Yes, I still refuse to discuss this hell here. Those that are worthy of knowing why I am in this hell have
already been told about my struggle filled with indecision personally. Those that have not been told need assume
nothing for you know nothing. Just
because you read my words does not mean that you know me, or would want to know
me. I am crazy, that is a fact, and not
everyone can handle a crazy acquaintance.
I use the word acquaintance simply because, as I have discussed before,
I am as hesitant to throw around the word friend as I am the word love. I have tons of acquaintances. I have very few friends. But that discussion has already been had and
it is time to move past that.
My life has been opened up to new experiences. Or I guess revisited experiences given my
past nymphomania. “Details! Details!
Details!” I can almost hear you
screaming, but no, discretion is key.
Suffice it to say that Kitty has been feeling very satisfied lately and
has been in a much better mood because of it.

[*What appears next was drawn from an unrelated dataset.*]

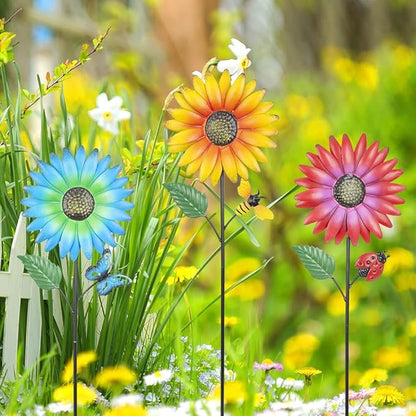 Stargarden Metal Flower Garden Stakes, 3 Pcs Decorative Garden Stakes, Colorful Metal Flowers Garden Decor, Waterproof Lawn Ornaments for Indoor, Outdoor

This is not simply just ‘getting some’ to use the vernacular, but
getting some in the way I need it.
Let’s leave it at that.
I finally met the previously mentioned
obsession for a video gaming session.
He’s less an obsession now and more a pen pal. I was hesitant to meet however, because even though I have been
communicating with this person for a few weeks now, I still hold onto a certain
fantasy in my head of how someone will be.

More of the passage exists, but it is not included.